Had you worked in scripted audio/radio plays before working on Night Terrace?

John: David Ashton (co-creator, writer, Master Of All Sound) and I used to be part of The Third Ear, a radio comedy team. We did a sketch show for years on RRR, and sketches for various ABC stations including a half-hour sitcom for Radio National. I’ve also written some sketches for BBC radio (none of which made the final cut of the episode, but which delighted dozens of listeners at the live recording!). We all have a deep love of audio drama and content, especially from our Spiritual Fairy Godmothers at Big Finish, who have been extremely generous with advice and support.

What inspirations did you draw on when creating Night Terrace?

John: This was interesting for me, as we actually started not with an idea, but with an audience for an idea, which I’d never done before. We were coming to the end of Splendid Chaps, our startlingly successful Doctor Who live show/podcast project, and we loved our audience so much we wanted to keep them!

We’d built such a fantastically engaged body of listeners, people who were smart and funny, that we wanted to come up with a project to suit them. We had background in comedy and narrative drama, so that seemed the next logical step, and we wanted something that would appeal to Doctor Who fans while still being original. So our first meeting was to come up with something that ticked all the boxes of what we were interested in, without copying anything else.
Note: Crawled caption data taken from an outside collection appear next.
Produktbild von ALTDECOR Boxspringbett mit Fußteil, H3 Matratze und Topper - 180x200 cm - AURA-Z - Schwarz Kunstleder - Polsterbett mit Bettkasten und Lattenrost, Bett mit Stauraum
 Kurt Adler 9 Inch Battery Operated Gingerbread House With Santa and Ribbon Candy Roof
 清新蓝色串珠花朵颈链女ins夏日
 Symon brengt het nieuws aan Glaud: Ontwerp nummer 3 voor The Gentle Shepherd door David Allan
We had an idea for a U.N.I.T. style comedy about The D.E.P.A.R.T.M.E.N.T. but I felt that would be too close to Graham Duff‘s Nebulous. And we had to avoid being too much like Hitch Hikers, or Red Dwarf, or My Favourite Martian, or Quark… we had a big list of all previous science fiction comedies! And we knew we wanted a female lead. So the idea of a show that was a bit like a female-led Doctor Who but with a vague X-Files-y backstory ended up being the one. I think Ben came up with the idea of a moving house and we went from there. Of course later on you pointed out there’d been an Australian kid’s sitcom with Ron Blanchard in it back in the 1980s that did that, so there’s no new ideas!
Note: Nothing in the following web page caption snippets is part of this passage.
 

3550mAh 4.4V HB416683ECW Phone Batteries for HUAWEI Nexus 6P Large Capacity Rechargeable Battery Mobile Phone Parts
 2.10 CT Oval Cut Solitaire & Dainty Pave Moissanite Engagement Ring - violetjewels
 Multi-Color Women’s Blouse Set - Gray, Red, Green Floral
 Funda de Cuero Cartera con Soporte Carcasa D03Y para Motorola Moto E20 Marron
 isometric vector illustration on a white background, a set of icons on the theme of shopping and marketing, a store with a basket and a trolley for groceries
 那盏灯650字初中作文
What’s your favourite episode from Season One?

John: I really love Season One in it’s entirety! Of my three episodes it would have to be “Sound & Fuhrer” [set on a New-Zealand-built asteroid theme park staffed by android Hitlers], mostly because I didn’t have to set anything up or finish anything off so I got to just write a big adventure story (with some discussion of how we see history as the subtext). I love Lee’s “Starship Australis” [set on a spaceship built to resemble the “best bits” of Australia], which is such a huge production, it sounds epic. Ben’s murder mystery one, “Time Of Death” [a time-twisted 1920s murder mystery] is brilliant, especially the scene-chewing from the awesome Virgina Gay as 1920s murder-solving heroine Miss Baker. And “The Outsourcing” [set on a planet whose corporate owners have taken outsourcing to a recursive extreme] was one that really grabbed people and which makes me laugh from beginning to end (especially when the fantastic Toby Truslove gets to play a butch space marine type). I can list the other episodes as well, if you like…

What’s the best response you’ve had so far to Season One?
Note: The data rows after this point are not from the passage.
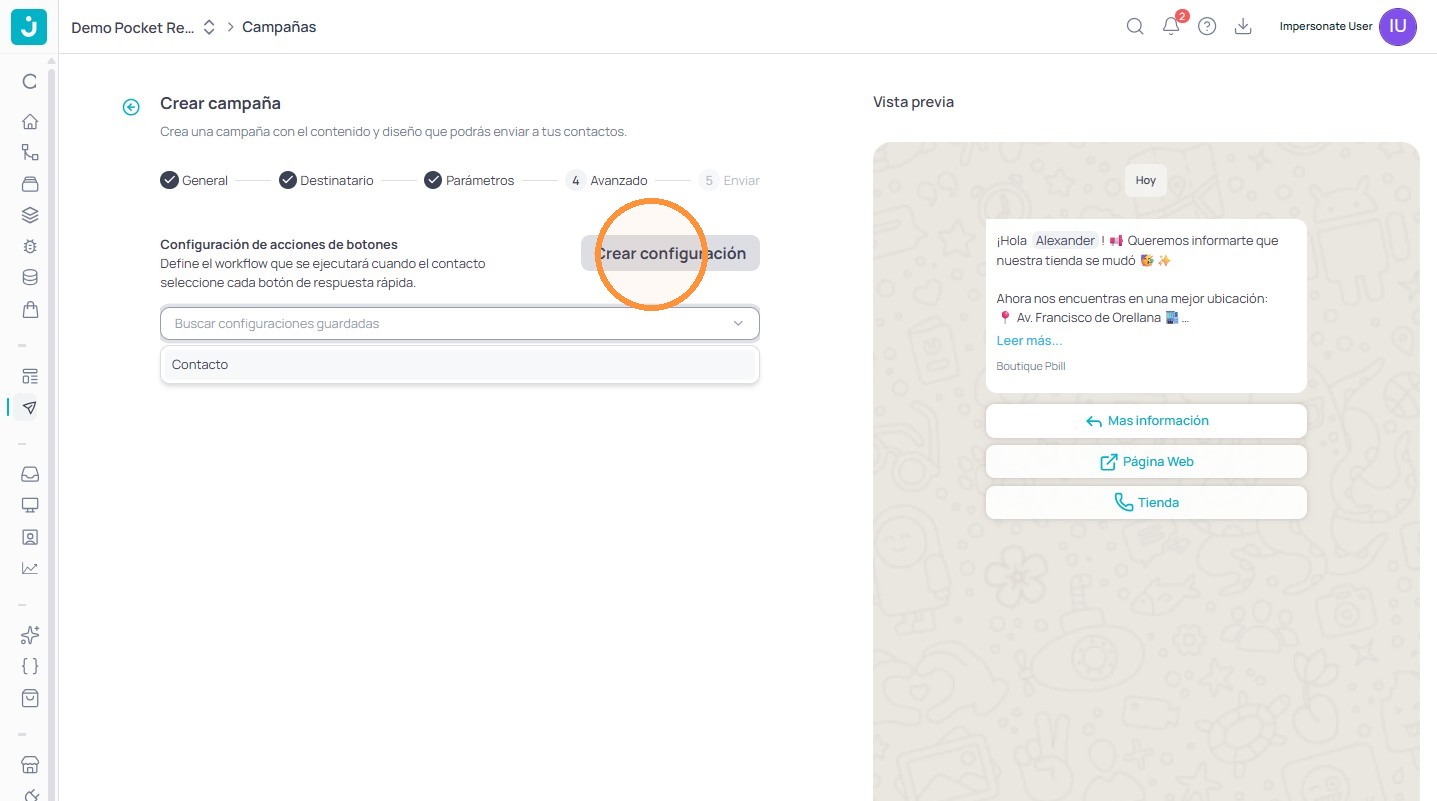 Botón Crear configuración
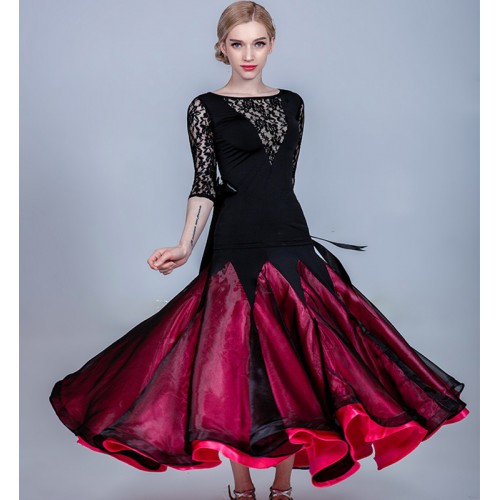 ballroom dancing dresses  for women royal blue red tango waltz ballroom dancing dresses tops and skirts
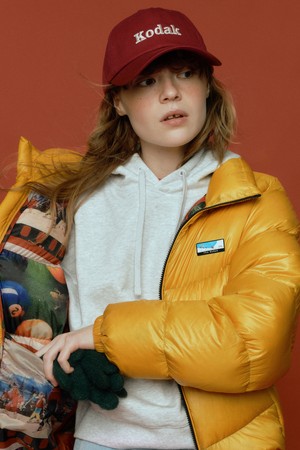 오버핏 레터링 볼캡 RED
John: Hearing people spontaneously say “HE WAS YOUR LOVEEEEERRRRRR!” in the style of Miss Baker NEVER gets old. Also, we won an award. Did I mention we won an award? We’re award-winning now.

Give us a quick teaser for Night Terrace Season Two.

John: Anastasia and Eddie are back, now joined by the less-mysterious-than-last-time Sue. We’re going to explore the difference between being a tourist and being a traveller, and taking responsibilty for your own actions. We’ll learn more about how the house works, and it won’t necessarily be good. We’ll be visiting the past, the future, and outer space. And Jane Badler will return!

Why do you think people should give you money so you can make Season Two?

John: This sort of content will not exist unless we all will it into life, especially in Australia. So if you want more science fiction comedy (and especially female-led science fiction comedy) then $25 for 4 hours of it is a pretty good deal. This literally cannot exist without the largesse of our listeners. Audio is a lot cheaper than television, but we’re still paying for actors, studios, etc. Also, it’s funny. You can check out episode one in its entirety on the kickstarter to see if it takes your fancy. And did I mention the award?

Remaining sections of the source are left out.